### DATA LISTING
..............................

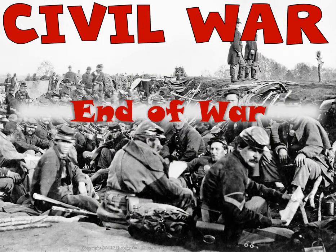This is Ms. Lumpkins and today we're going to be talking about end of war things for the Civil War.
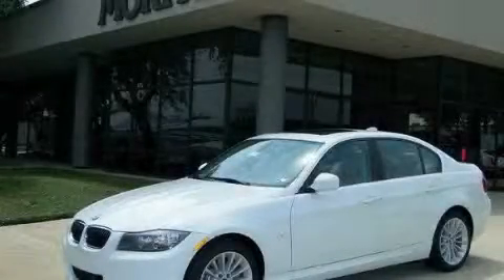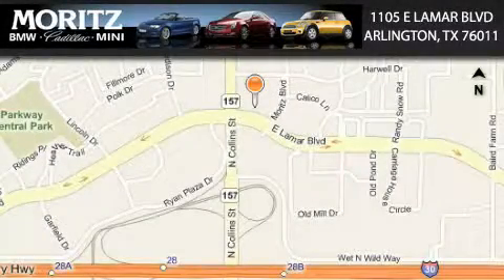Please call us today for more information on this great vehicle. Maritz Cadillac BMW Mini is located at 1105 East Lamar Boulevard in Arlington. Our goal is to exceed all of your expectations to ensure that you'll return for future visits.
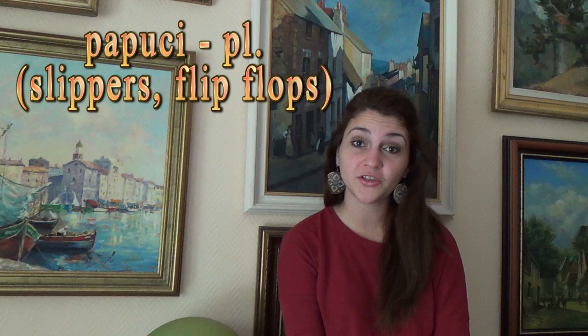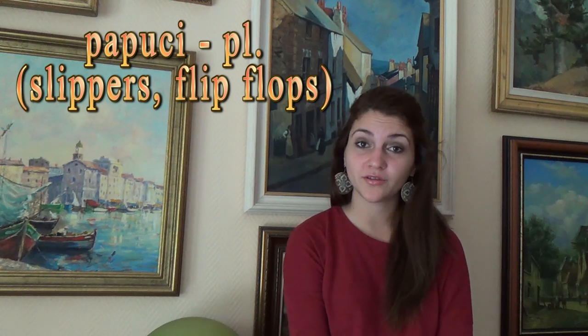Pălărie, șapcă, sandale, papuci, pantofi, ghete, cizme.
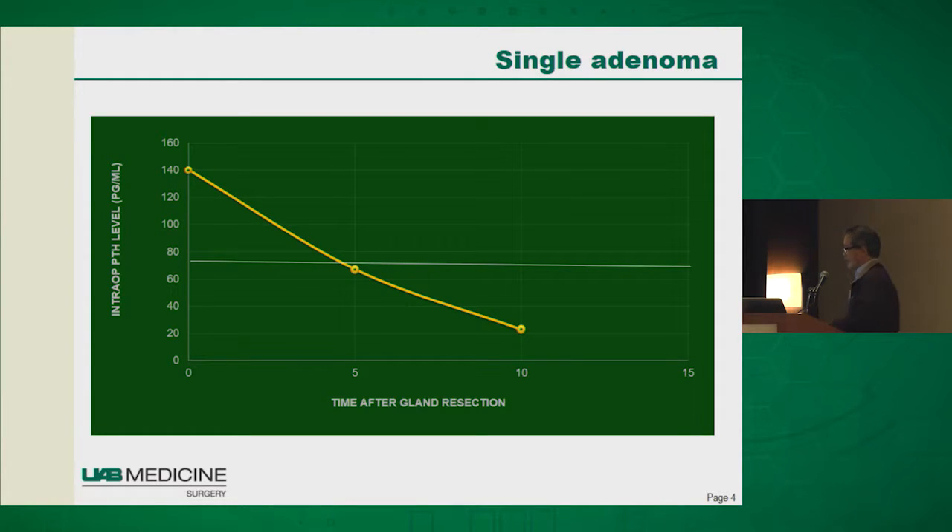If you have a patient you're operating on for hyperparathyroidism, you send a PTH level before surgery — we usually do that in the PACU — then you go into surgery, take out what you think is the only abnormal gland, and check the PTH level intraoperatively at 5, 10, and 15 minutes. If that's the only bad gland, you should see a 50% drop at 5 minutes because the half-life is shorter than 5 minutes. If you see that, you have about 99.5% certainty that's the only abnormal gland and you can stop your operation.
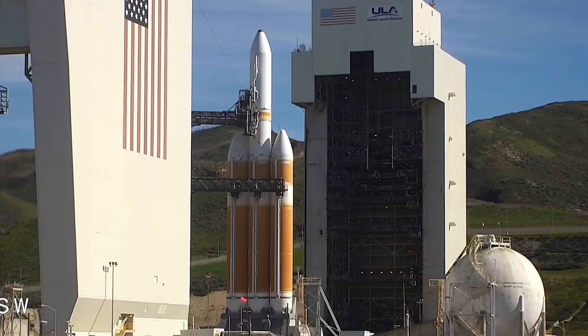T-minus one minute. Rock, report range status. Rock, range is green.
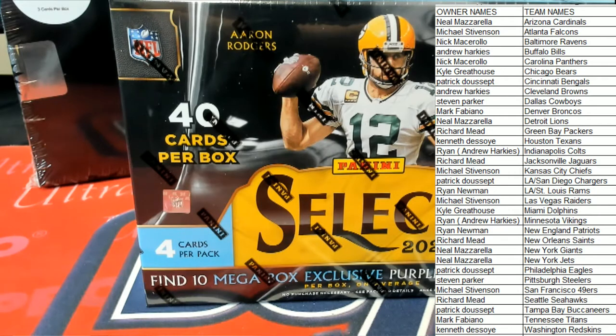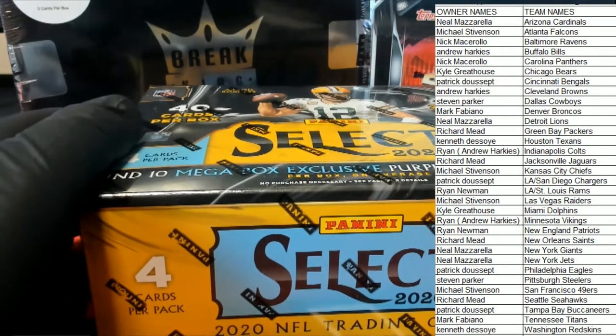All right guys, any trades? Any trades here in Select? You guys still got time to go ahead and talk about trades. We're still got time.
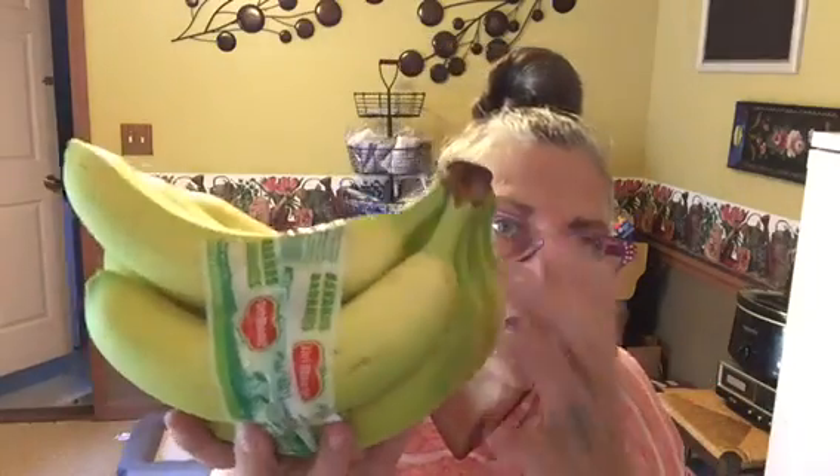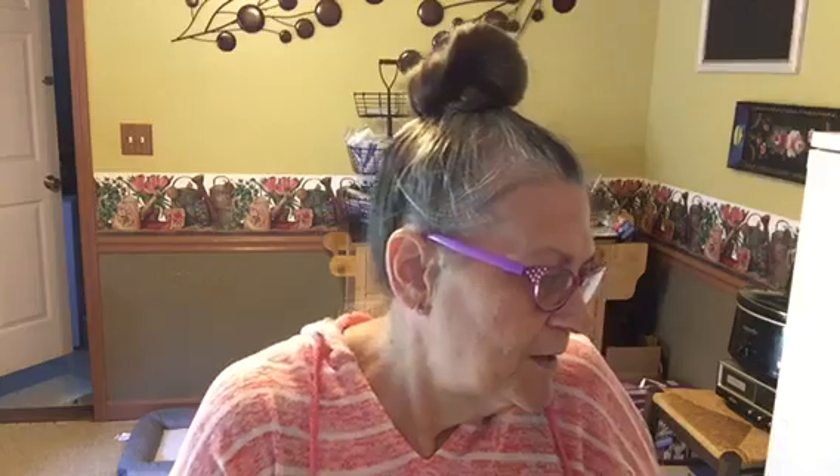Then I got a bunch of bananas and these were $1.38 for the container.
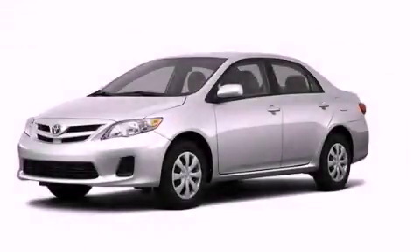With an EPA estimated rating of 34 miles per gallon on the highway, it's easy to see how you can save. Stop by today and test drive this automobile for yourself.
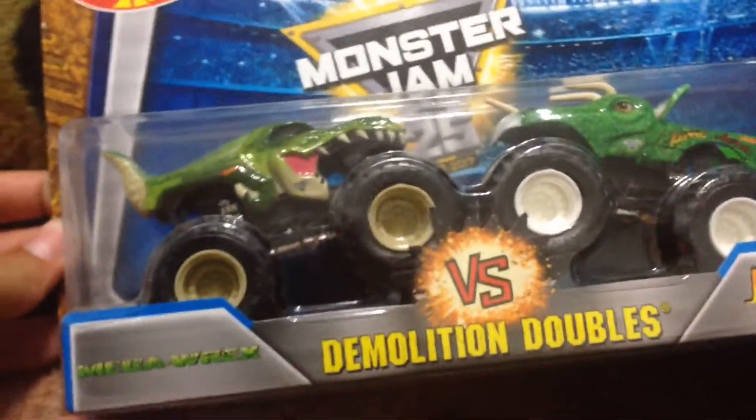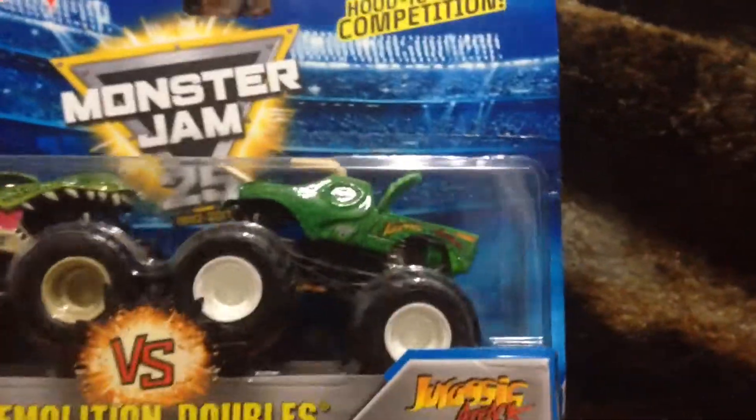So I found this at Walmart. It's the Green Mega Rex and the Green Jurassic Attack. I didn't know they would have this at Walmart because sometimes I don't have any luck at Walmart. So without further ado, I'm going to unbox it.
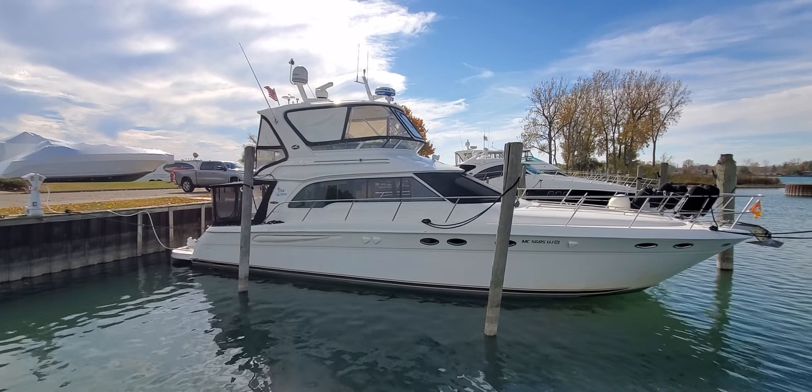The boat had $40,000 in electronics put in in 2019. And the list of upgrades is so extensive on this boat, you'll have to go to my Yacht World listing live to take a look. Scott Gregory, 313-530-0029.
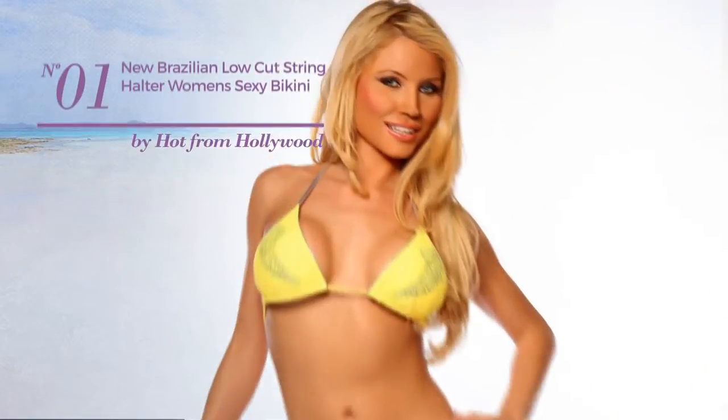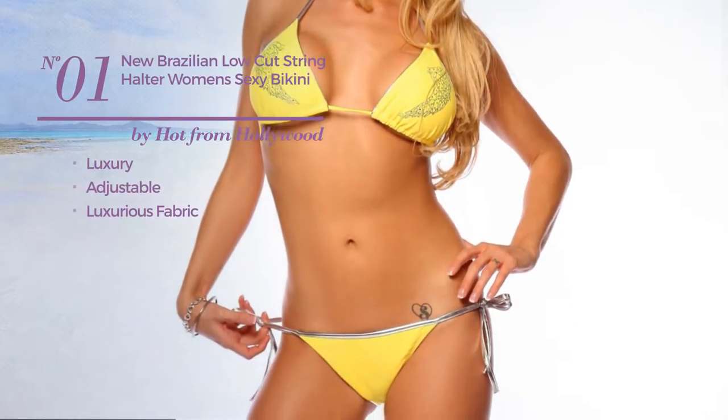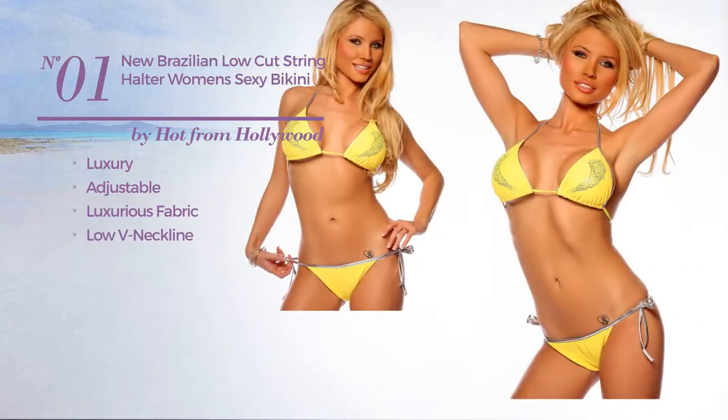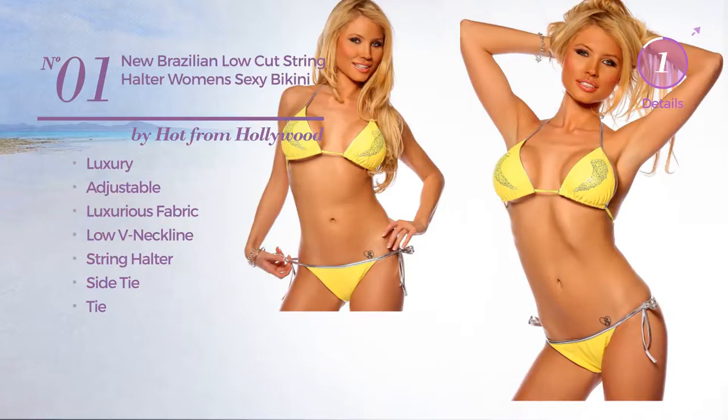Number 1. Featuring a luxury look, made of adjustable luxurious fabric, this swimsuit includes a low V-neckline, string halter, side tie and tie. Available in 2 more colors.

..............................

### WHAT YOU HAVE TO DO
Your copy should restate every record word for word and contain no pictures.

### ANSWER TO THE PROBLEM
This is Ms. Lumpkins and today we're going to be talking about end of war things for the Civil War.
Please call us today for more information on this great vehicle. Maritz Cadillac BMW Mini is located at 1105 East Lamar Boulevard in Arlington. Our goal is to exceed all of your expectations to ensure that you'll return for future visits.
Pălărie, șapcă, sandale, papuci, pantofi, ghete, cizme.
If you have a patient you're operating on for hyperparathyroidism, you send a PTH level before surgery — we usually do that in the PACU — then you go into surgery, take out what you think is the only abnormal gland, and check the PTH level intraoperatively at 5, 10, and 15 minutes. If that's the only bad gland, you should see a 50% drop at 5 minutes because the half-life is shorter than 5 minutes. If you see that, you have about 99.5% certainty that's the only abnormal gland and you can stop your operation.
T-minus one minute. Rock, report range status. Rock, range is green.
All right guys, any trades? Any trades here in Select? You guys still got time to go ahead and talk about trades. We're still got time.
Then I got a bunch of bananas and these were $1.38 for the container.
With an EPA estimated rating of 34 miles per gallon on the highway, it's easy to see how you can save. Stop by today and test drive this automobile for yourself.
So I found this at Walmart. It's the Green Mega Rex and the Green Jurassic Attack. I didn't know they would have this at Walmart because sometimes I don't have any luck at Walmart. So without further ado, I'm going to unbox it.
The boat had $40,000 in electronics put in in 2019. And the list of upgrades is so extensive on this boat, you'll have to go to my Yacht World listing live to take a look. Scott Gregory, 313-530-0029.
Number 1. Featuring a luxury look, made of adjustable luxurious fabric, this swimsuit includes a low V-neckline, string halter, side tie and tie. Available in 2 more colors.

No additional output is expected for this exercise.